Segment Open

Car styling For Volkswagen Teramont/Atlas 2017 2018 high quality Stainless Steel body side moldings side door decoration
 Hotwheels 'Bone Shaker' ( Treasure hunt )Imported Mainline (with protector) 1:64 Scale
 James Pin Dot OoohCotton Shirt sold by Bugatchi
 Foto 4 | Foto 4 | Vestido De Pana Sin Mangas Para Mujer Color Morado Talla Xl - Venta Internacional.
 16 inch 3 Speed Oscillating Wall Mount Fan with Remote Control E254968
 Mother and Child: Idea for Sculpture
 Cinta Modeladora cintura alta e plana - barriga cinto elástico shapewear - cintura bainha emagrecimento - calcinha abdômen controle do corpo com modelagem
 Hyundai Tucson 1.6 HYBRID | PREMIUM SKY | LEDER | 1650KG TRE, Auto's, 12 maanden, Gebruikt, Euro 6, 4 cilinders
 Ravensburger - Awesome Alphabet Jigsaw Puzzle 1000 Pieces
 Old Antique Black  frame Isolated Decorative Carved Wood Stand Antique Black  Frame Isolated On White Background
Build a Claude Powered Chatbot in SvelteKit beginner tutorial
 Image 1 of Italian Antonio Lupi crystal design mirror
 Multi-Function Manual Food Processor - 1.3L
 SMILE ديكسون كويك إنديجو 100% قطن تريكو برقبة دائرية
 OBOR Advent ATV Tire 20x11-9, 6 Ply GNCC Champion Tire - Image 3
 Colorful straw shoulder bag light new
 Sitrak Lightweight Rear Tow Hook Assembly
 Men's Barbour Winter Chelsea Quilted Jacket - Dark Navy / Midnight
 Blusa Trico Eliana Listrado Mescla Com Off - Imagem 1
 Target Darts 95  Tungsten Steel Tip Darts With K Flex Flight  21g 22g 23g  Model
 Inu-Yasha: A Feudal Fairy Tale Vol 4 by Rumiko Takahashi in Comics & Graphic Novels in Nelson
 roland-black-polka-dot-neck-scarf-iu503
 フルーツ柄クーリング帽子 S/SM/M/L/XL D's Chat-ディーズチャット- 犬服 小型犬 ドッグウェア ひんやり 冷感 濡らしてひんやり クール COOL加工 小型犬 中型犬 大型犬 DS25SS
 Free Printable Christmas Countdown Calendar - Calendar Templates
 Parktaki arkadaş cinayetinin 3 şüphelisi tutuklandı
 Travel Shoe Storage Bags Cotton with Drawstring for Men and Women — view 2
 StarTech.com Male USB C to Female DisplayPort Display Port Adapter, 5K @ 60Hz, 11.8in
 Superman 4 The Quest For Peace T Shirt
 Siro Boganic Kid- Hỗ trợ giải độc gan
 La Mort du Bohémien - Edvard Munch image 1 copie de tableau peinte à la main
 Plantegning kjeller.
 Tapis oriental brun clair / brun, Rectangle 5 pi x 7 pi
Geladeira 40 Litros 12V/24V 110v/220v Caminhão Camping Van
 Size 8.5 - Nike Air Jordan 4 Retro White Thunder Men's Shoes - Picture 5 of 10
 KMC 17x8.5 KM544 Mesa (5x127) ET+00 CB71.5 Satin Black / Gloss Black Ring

Segment Closed

I would like you to restate word for word the lines from the one with "Multi-Function Manual Food Processor - 1.3L" through the last line of the material above, and only those.

▶ Answer to this problem:
 Multi-Function Manual Food Processor - 1.3L
 SMILE ديكسون كويك إنديجو 100% قطن تريكو برقبة دائرية
 OBOR Advent ATV Tire 20x11-9, 6 Ply GNCC Champion Tire - Image 3
 Colorful straw shoulder bag light new
 Sitrak Lightweight Rear Tow Hook Assembly
 Men's Barbour Winter Chelsea Quilted Jacket - Dark Navy / Midnight
 Blusa Trico Eliana Listrado Mescla Com Off - Imagem 1
 Target Darts 95  Tungsten Steel Tip Darts With K Flex Flight  21g 22g 23g  Model
 Inu-Yasha: A Feudal Fairy Tale Vol 4 by Rumiko Takahashi in Comics & Graphic Novels in Nelson
 roland-black-polka-dot-neck-scarf-iu503
 フルーツ柄クーリング帽子 S/SM/M/L/XL D's Chat-ディーズチャット- 犬服 小型犬 ドッグウェア ひんやり 冷感 濡らしてひんやり クール COOL加工 小型犬 中型犬 大型犬 DS25SS
 Free Printable Christmas Countdown Calendar - Calendar Templates
 Parktaki arkadaş cinayetinin 3 şüphelisi tutuklandı
 Travel Shoe Storage Bags Cotton with Drawstring for Men and Women — view 2
 StarTech.com Male USB C to Female DisplayPort Display Port Adapter, 5K @ 60Hz, 11.8in
 Superman 4 The Quest For Peace T Shirt
 Siro Boganic Kid- Hỗ trợ giải độc gan
 La Mort du Bohémien - Edvard Munch image 1 copie de tableau peinte à la main
 Plantegning kjeller.
 Tapis oriental brun clair / brun, Rectangle 5 pi x 7 pi
Geladeira 40 Litros 12V/24V 110v/220v Caminhão Camping Van
 Size 8.5 - Nike Air Jordan 4 Retro White Thunder Men's Shoes - Picture 5 of 10
 KMC 17x8.5 KM544 Mesa (5x127) ET+00 CB71.5 Satin Black / Gloss Black Ring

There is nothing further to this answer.